与那国町の田里千代基町議は9月28日、那覇市で開催された国会議員・県議会議員による同町視察後の報告会に登壇し「自衛隊の配備について住民投票をしたが、町民の分断を招いた」と述べた。駐屯地ができて人口が増えたことは評価した。会場で配られた資料では、比川の新港計画を問題視。最新の海自護衛艦も接岸できないと主張した。
与那国町が国に要請した新港計画について、資料では水深5㍍、航路幅200㍍、停泊した船舶が進行方向を変える回頭水域は300㍍、岸壁長は200㍍か250㍍と指摘。この規模の港湾の場合、全長150㍍、最大喫水4・5㍍程度の船舶しか接岸・停泊できないとした。港湾の計画図では、利用予定の船舶は旅客フェリーを想定している。
海自が配備を進める「もがみ型護衛艦」の場合、喫水が4・7㍍であるため、仮に現行計画で港湾が完成した場合、接岸時に船底が海底に接触する可能性がある。ただ、港湾の水深を10㍍まで深くするとの情報もあり、この場合、「もがみ型」はタグボートの支援を受けて同港湾を使用できると見られる。
資料では、比川港湾の水深は5㍍と浅く、自衛隊や米艦船、クルーズ船の多くは入港できないと主張。予定地の樽舞湿原の基礎地盤は硬く、掘削の難しさを指摘。加えて発生した残土の処分方法も疑問視した。

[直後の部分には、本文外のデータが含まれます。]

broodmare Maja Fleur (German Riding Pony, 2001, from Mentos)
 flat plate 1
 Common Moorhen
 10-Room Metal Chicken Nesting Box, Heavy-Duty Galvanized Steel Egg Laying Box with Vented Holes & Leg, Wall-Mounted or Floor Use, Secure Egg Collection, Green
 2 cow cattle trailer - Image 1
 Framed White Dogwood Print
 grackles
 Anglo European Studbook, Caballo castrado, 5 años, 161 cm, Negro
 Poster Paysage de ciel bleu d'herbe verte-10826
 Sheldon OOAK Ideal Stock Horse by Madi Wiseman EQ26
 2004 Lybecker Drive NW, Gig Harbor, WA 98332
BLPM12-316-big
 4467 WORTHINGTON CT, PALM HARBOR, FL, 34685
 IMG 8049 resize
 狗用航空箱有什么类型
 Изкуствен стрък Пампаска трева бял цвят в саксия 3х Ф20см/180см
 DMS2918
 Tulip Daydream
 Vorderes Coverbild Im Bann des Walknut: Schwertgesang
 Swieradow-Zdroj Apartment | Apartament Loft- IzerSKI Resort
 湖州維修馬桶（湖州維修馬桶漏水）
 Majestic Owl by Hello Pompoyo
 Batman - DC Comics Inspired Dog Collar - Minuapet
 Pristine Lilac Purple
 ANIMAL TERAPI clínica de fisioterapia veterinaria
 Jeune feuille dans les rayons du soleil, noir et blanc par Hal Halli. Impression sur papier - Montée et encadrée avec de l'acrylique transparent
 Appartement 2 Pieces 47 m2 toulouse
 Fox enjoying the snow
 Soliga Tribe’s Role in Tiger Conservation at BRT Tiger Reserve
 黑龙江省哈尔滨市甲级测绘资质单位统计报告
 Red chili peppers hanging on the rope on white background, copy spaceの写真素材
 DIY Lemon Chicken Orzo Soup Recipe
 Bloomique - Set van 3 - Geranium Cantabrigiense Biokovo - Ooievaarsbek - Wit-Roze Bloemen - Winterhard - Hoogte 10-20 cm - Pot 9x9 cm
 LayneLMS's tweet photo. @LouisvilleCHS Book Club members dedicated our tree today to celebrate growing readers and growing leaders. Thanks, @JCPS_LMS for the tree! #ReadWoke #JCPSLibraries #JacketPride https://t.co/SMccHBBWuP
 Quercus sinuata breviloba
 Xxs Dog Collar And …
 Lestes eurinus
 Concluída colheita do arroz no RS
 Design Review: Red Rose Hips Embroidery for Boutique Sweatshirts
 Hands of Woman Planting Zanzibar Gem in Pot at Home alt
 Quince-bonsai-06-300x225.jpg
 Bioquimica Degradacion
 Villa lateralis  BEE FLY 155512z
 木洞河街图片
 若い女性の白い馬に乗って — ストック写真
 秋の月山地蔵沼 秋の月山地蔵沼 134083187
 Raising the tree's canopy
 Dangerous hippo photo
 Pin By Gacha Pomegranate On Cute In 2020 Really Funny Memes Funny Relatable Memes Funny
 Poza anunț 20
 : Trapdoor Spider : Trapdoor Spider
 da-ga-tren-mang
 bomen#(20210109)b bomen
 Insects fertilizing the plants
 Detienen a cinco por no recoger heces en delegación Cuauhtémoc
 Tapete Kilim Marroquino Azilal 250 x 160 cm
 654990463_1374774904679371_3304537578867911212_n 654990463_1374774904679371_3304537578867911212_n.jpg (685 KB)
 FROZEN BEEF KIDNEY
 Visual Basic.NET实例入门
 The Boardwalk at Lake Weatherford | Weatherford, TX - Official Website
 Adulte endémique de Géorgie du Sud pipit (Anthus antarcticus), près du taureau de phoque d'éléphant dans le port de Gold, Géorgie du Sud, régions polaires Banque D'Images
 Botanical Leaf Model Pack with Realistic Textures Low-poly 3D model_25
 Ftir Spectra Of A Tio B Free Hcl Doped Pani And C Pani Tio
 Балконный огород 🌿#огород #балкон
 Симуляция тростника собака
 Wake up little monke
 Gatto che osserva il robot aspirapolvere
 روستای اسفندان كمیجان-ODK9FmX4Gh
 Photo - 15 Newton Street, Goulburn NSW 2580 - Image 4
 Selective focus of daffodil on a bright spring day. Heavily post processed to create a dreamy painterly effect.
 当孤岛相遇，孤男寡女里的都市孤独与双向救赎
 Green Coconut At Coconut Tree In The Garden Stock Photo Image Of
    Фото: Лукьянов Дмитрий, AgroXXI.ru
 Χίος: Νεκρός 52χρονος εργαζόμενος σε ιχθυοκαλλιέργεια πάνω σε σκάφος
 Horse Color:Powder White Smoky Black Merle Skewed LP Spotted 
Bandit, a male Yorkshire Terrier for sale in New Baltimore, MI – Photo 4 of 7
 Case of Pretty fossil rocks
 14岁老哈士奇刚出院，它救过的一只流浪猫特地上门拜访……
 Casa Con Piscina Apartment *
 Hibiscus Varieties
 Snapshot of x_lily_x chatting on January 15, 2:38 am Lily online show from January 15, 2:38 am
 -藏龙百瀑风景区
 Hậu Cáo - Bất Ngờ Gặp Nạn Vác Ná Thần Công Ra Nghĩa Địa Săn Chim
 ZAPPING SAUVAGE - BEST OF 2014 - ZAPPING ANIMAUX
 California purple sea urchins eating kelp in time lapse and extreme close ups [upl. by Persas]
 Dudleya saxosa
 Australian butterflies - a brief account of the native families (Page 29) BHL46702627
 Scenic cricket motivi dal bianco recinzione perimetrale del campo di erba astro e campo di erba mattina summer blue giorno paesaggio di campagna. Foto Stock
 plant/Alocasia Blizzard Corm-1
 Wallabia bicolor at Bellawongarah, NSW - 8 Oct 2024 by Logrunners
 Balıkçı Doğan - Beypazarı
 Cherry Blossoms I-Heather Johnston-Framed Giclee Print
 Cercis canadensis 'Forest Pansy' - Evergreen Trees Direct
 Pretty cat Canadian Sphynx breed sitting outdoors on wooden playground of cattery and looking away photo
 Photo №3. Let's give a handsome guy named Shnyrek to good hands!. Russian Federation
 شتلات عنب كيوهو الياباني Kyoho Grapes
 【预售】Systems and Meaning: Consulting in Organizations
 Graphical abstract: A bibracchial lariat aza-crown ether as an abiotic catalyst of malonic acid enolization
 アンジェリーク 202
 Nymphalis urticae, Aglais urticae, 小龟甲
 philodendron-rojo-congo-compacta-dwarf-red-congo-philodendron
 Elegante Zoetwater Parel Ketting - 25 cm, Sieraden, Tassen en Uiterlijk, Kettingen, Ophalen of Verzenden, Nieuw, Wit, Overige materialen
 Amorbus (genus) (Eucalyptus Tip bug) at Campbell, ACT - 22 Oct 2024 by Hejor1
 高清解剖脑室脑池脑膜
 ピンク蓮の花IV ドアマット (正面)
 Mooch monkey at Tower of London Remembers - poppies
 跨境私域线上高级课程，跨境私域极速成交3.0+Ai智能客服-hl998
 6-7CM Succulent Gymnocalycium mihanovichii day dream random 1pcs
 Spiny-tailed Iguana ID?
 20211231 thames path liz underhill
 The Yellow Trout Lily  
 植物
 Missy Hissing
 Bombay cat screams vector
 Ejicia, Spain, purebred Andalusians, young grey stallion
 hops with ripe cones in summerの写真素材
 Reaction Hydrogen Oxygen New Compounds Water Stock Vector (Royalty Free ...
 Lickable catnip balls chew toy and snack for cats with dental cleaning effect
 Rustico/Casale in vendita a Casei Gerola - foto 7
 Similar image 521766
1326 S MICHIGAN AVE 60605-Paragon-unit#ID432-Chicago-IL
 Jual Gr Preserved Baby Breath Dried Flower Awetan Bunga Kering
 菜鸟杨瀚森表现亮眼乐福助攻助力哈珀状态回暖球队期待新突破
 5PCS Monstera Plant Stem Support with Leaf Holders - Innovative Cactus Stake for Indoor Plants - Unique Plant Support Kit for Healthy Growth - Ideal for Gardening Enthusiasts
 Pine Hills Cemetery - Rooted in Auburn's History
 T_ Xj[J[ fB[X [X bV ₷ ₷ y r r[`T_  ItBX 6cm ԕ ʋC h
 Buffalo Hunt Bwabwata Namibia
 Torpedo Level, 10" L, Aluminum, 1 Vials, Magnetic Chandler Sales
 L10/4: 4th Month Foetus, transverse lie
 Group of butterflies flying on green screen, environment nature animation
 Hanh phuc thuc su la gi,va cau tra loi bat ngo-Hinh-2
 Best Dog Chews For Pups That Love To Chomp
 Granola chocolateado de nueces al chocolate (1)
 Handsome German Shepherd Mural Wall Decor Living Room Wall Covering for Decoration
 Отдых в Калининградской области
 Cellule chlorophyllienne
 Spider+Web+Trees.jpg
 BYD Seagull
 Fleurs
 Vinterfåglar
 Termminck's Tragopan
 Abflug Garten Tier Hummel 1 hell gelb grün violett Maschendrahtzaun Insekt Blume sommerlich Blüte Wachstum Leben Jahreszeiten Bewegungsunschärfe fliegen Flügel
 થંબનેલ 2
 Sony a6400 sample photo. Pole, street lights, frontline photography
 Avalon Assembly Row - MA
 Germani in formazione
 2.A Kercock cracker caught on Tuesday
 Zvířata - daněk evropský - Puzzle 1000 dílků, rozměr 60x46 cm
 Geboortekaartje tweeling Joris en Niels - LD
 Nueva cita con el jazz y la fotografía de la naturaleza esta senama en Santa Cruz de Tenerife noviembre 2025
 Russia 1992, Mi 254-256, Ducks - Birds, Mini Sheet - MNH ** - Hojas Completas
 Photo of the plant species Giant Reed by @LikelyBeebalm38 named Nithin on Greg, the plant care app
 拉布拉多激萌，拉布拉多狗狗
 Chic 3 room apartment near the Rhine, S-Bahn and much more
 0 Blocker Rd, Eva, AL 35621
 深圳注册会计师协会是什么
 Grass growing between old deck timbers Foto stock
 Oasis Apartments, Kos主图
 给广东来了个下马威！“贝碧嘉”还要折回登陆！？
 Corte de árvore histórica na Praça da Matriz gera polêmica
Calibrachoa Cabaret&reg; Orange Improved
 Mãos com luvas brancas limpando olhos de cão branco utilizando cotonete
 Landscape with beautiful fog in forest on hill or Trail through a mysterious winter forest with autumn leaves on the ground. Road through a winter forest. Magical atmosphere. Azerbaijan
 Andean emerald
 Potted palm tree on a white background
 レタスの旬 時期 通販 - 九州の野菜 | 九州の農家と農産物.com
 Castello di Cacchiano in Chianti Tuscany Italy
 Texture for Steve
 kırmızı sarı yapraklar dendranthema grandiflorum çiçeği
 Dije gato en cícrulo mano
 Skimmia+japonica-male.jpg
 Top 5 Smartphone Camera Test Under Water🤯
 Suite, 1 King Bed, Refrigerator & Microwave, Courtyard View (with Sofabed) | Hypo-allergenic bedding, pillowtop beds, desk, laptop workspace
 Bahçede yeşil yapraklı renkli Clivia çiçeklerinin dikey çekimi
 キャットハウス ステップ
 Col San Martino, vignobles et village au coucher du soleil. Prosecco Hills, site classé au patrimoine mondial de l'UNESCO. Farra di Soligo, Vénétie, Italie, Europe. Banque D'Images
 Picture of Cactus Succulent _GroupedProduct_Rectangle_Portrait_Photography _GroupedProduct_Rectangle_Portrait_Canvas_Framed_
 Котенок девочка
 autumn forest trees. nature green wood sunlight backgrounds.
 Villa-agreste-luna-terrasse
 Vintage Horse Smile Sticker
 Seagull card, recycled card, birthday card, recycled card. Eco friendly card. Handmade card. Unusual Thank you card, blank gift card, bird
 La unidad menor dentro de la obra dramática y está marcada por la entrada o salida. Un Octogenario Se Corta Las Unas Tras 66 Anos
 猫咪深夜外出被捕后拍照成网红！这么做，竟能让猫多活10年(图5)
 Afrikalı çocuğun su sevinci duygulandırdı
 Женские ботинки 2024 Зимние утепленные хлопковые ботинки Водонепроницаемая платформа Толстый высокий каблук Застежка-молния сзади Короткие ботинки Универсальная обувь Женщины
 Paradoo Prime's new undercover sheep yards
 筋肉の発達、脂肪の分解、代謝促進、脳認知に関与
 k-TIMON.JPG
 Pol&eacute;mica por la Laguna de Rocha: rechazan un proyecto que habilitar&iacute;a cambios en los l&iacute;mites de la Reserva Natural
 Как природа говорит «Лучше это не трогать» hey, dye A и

一方、町側は議会で新港計画について民主党政権時に国側が町に持ちかけたと説明し、糸数健一町長も「私が言い出した計画ではない」と、繰り返し田里氏に対し答弁している。
比川の新港計画を巡っては、糸数氏を支援する与党議員も反対する姿勢で、祖納港の拡大を求める動きを見せている。久部良漁港の拡大を求める声もある。
田里氏は与那国島で自衛隊の拡大が続くとし「全住民に占める自衛隊関係者の割合が増える。地域環境が変わってしまう」と懸念した。